# TASK GOAL
Output only the lines that run from the one with "this 800×533 image." to the final line of the material, exactly as they are written.
(MATERIAL TO PROCESS begins)
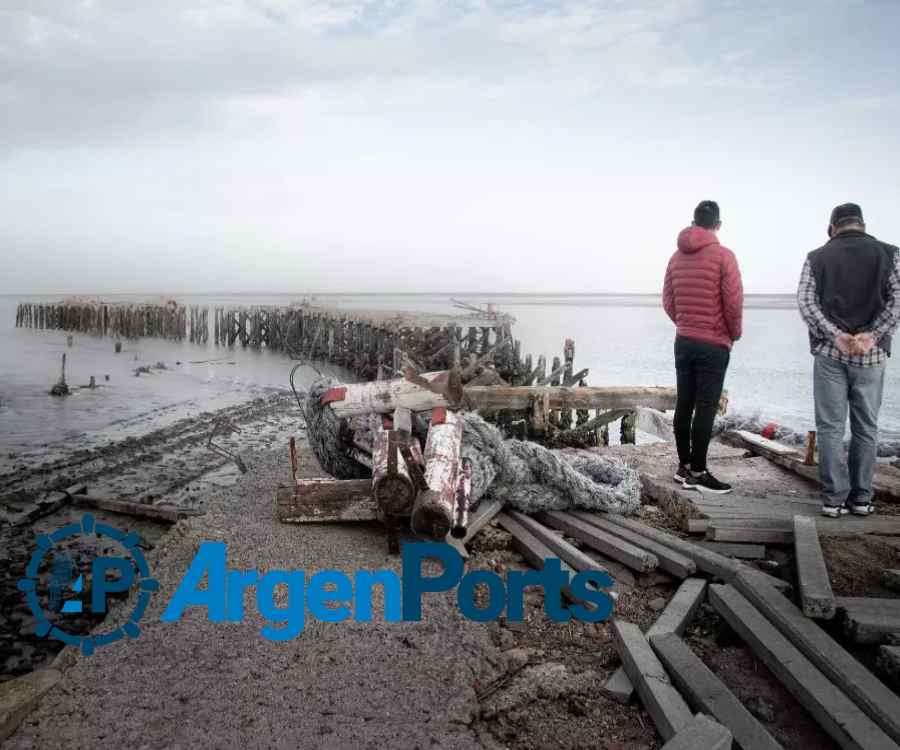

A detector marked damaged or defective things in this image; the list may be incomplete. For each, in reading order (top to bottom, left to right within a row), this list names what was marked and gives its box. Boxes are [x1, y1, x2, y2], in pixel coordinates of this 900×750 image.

broken wooden plank [71, 494, 204, 524]
broken wooden plank [272, 482, 374, 524]
broken wooden plank [536, 512, 656, 576]
broken wooden plank [568, 516, 696, 580]
broken wooden plank [692, 544, 764, 560]
broken wooden plank [796, 516, 836, 624]
broken wooden plank [600, 580, 708, 708]
broken wooden plank [612, 620, 696, 744]
broken wooden plank [652, 636, 784, 750]
broken wooden plank [712, 588, 900, 750]
broken wooden plank [736, 568, 900, 748]
broken wooden plank [840, 600, 900, 648]
broken wooden plank [656, 716, 736, 750]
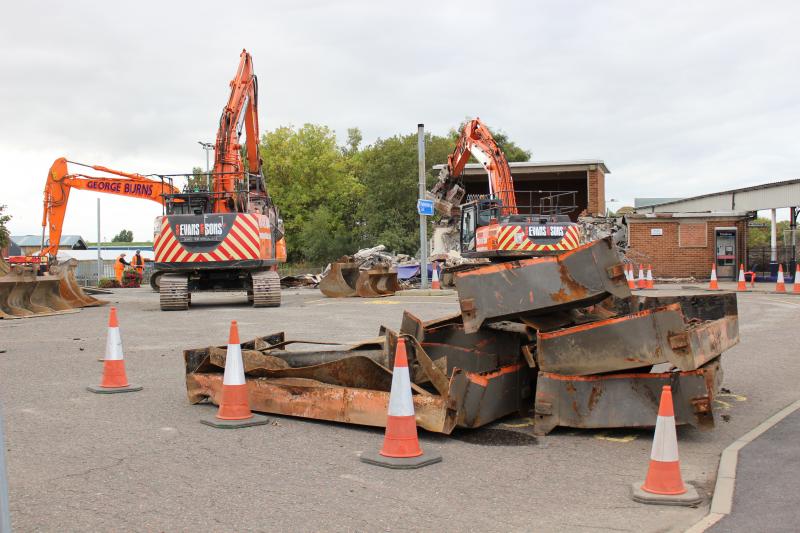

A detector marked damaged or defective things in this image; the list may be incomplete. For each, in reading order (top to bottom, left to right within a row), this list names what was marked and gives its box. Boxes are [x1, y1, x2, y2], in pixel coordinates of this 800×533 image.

rusty metal debris pile [0, 256, 106, 318]
rusted steel plate [318, 260, 360, 298]
rusted steel plate [454, 237, 628, 332]
rusty metal debris pile [184, 238, 740, 436]
rusted steel plate [536, 304, 740, 374]
rusted steel plate [532, 356, 724, 434]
(MATERIAL TO PROCESS ends)
# PROBLEM SOLUTION
A detector marked damaged or defective things in this image; the list may be incomplete. For each, in reading order (top to bottom, left to right within a row), this list names what was marked and gives its box. Boxes are [x1, y1, x2, y2], in pixel coordinates of this 800×533 image.

rusty metal debris pile [0, 256, 106, 318]
rusted steel plate [318, 260, 360, 298]
rusted steel plate [454, 237, 628, 332]
rusty metal debris pile [184, 238, 740, 436]
rusted steel plate [536, 304, 740, 374]
rusted steel plate [532, 356, 724, 434]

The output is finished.